We thank the Gilestro lab at Imperial College London and Robert Lind at Syngenta for useful discussions. HJ was supported by a BBSRC/CASE studentship in partnership with Syngenta (project reference BB/M011178/1/1958700). Stocks obtained from the Bloomington Drosophila Stock Center (NIH P40OD018537) were used in this study.
Fly lines were maintained on a 12-hour light: 12-hour dark (LD) cycle and raised on polenta and yeast-based fly media (agar 96 g, polenta 240 g, fructose 960 g and Brewer’s yeast 1,200 g in 12 litres of water). Canton-Special (CS) Drosophila melanogaster were used as the wild-type line for all experiments.
Drug resistant mutants
RdlA301S is derived from RdlMDRR (RRID:BDSC_1675), an Rdl allele isolated from a natural population in Maryland30, and underwent isogenization and selection on dieldrin to eliminate the metabolic resistance and maintain the dieldrin target site resistance31. The RdlMDRR was obtained from the Bloomington Drosophila Stock Center. For para: the L1029F mutation, located in the voltage gated sodium channel paralytic, has been extensively reported to confer resistance to DDT and pyrethroids in many other insect species (called kdr, knockdown resistance, reviewed in32). In the Drosophila gene, kdr maps to L1029F and is equivalent to the often cited L1014F in other insects (e.g. Musca domestica33). The kdr L1029F mutation in Drosophila Para was introduced via CRISPR/Cas9-mediated genome editing (see below). This genome edited generated mutation resulted in a similar resistance to DDT as previously reported34.
Generation of ParaL1029F via CRISPR-CAS9 based genome editing
CRISPR/Cas9-mediated genome editing was used to introduce a point mutation L1029F in para-PBG isoform, CTT to TTT, L to F by homology-dependent repair (HDR) using one guide RNA and a dsDNA plasmid donor.

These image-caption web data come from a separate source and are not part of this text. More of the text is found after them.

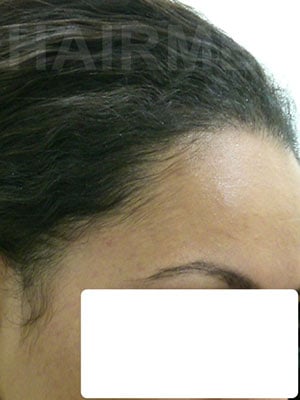 Result transplant hair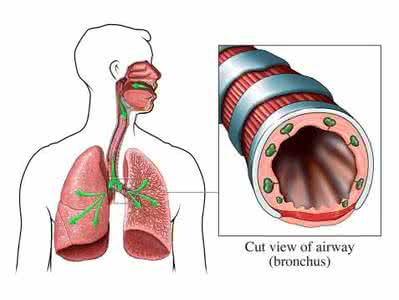 支气管炎的治疗方法 支气管炎的治疗 这些方法能治支气管炎
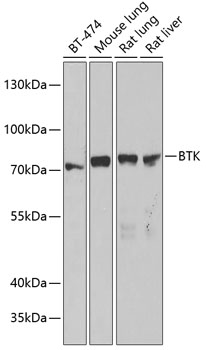 BTK Rabbit Polyclonal Antibody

The strategy design, molecular biology and screening was completed by Well Genetics Inc., Taiwan (R.O.C.). The cassette PBacDsRed contains Piggy Bac 3’ terminal repeats, the selection marker 3xP3-DsRed, and Piggy Bac 5’ terminal repeats. The selection marker 3xP3-DsRed contains Piggy Bac 3’ terminal repeats, 3x Pax3 and hsp70 promoter, DsRed2, SV40 3’UTR, and Piggy Bac 5’ terminal repeats. The dsRed marker facilitates the genetic screening and was excised by Piggy Bac transposase. Only one TTAA motif was left after transposition embedded in mutated intron sequence, and create a mutation G to A on X:16,486,649; X:16,486,649∼ X:16,486,646, CTAA to T TAA in intron. The CRISPR Target Site [PAM]: CACAAGATTGCCGATGACAA[CGG]. Guide RNA Primers: Sense oligo5’-CTTCGCACAAGATTGCCGATGACAA and Antisense oligo5’ - AAACTTGTCATCGGCAATCTTGTGC. Upstream Homology Arm: 1,027bp,the +34,097nt to +35,123 nt from ATG of para. Forward Oligo5’-GTTCACCAAACTCGGAATCG; Reverse Oligo5’- GTGGCCAAGAAGAAGGGAAT. Downstream Homology Arm: 1,022 bp, the +35,128nt to +3,6149 nt from ATG of para Forward Oligo: 5’-CCATGGCTTTAAGCATCGCA; Reverse Oligo: 5’- TTATGACGGATACGGTTACGG. Synthesis fragment: 5’– GGTTGTCATCGGCAATTTTGTGgtgagtactcttatcgaactgctgacttgtaaacgatgtttactggctataatgctgacttatcgcct
The Drosophila injection strain was white1118. 206 embryos were injected. 36 G0 crosses were established. Of the 78 positive lines crosses, in the F1 screen 25 positive lines were identified. Seven lines were positively validated by PCR and 1 line was sequenced confirming no unexpected changes in para. Lines were isogenized and balanced. DsRed was excised using PiggyBac (PBac) Transposase Bloomington Stock RRID:BDSC_8285. Excision was validated by genomic PCR and sequencing. Resulting lines were hemizygous viable. The line used in study had internal identifier: 20256ex1.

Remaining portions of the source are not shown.